**Directions for this task**
When you reach the line that contains "LitONES Desk Lamp", please begin copying, and carry on exactly to the last line of the material, leaving out every picture.

--------------------

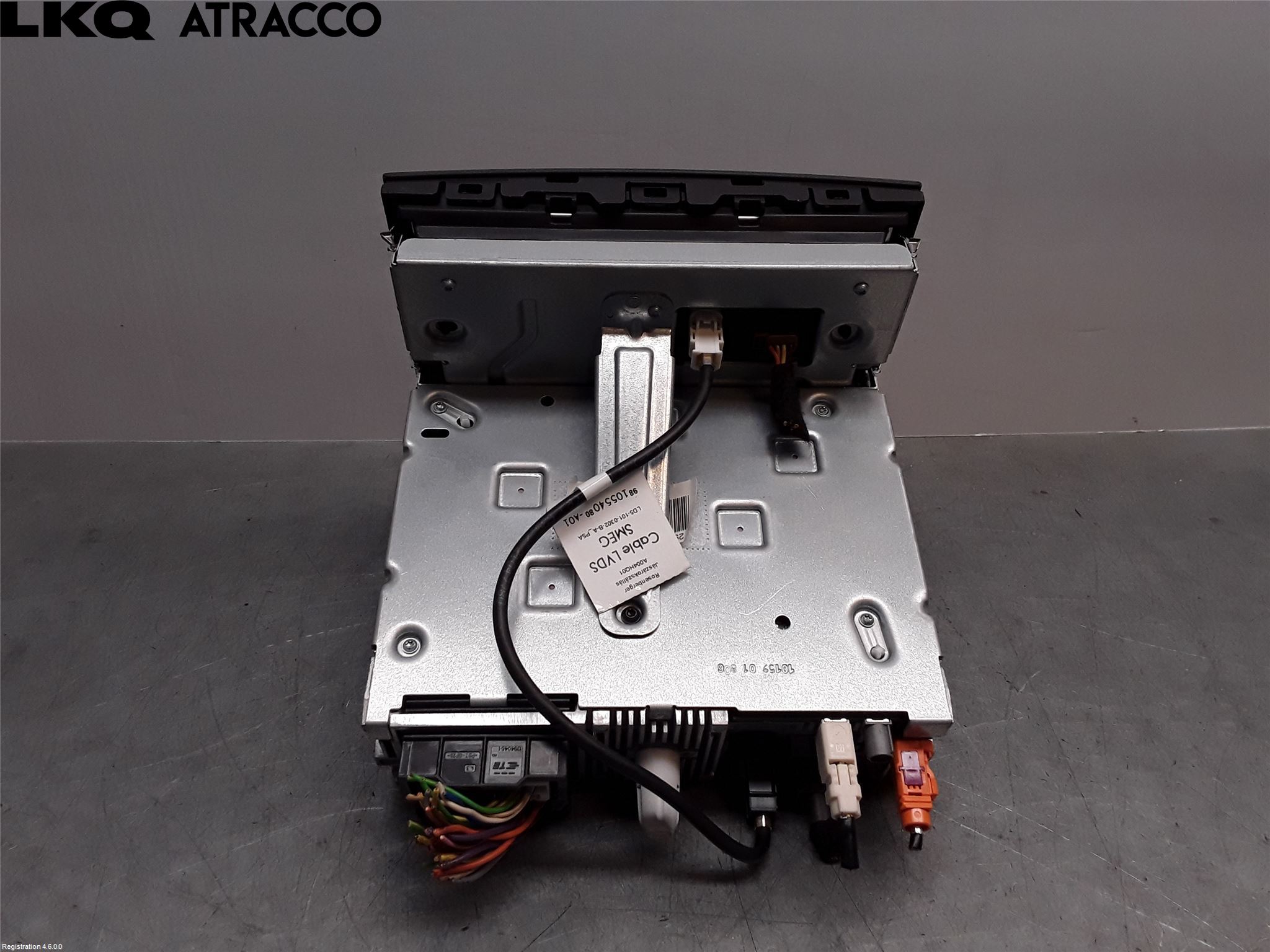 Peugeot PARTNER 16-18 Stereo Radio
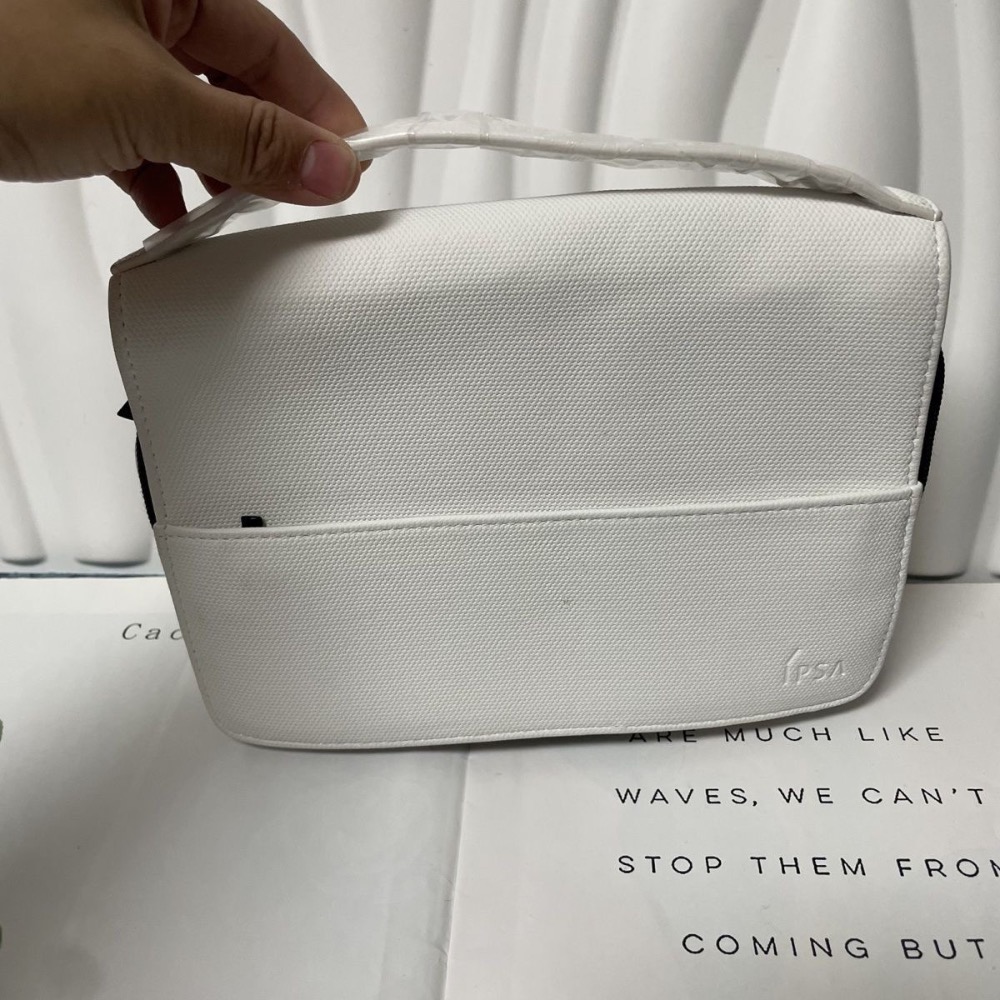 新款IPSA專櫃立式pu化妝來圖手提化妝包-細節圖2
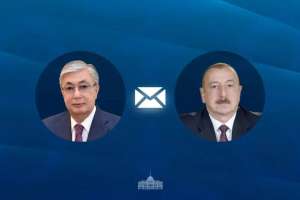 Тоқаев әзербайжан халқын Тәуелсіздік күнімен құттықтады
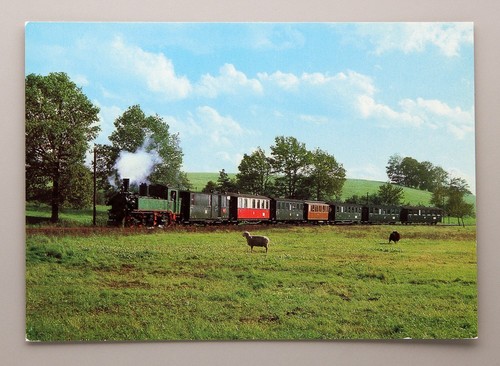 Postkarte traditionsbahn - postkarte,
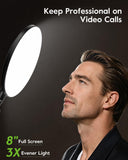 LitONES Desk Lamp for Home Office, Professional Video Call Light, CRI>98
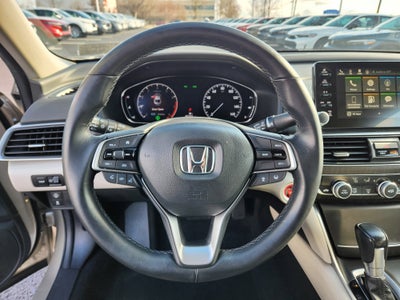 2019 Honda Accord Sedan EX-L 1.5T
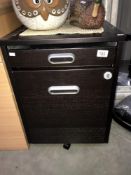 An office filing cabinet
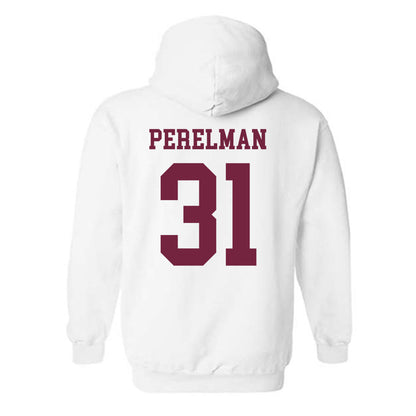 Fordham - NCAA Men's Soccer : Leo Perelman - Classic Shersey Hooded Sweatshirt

--------------------

**Exercise answer**
 LitONES Desk Lamp for Home Office, Professional Video Call Light, CRI>98
 2019 Honda Accord Sedan EX-L 1.5T
 An office filing cabinet
 Fordham - NCAA Men's Soccer : Leo Perelman - Classic Shersey Hooded Sweatshirt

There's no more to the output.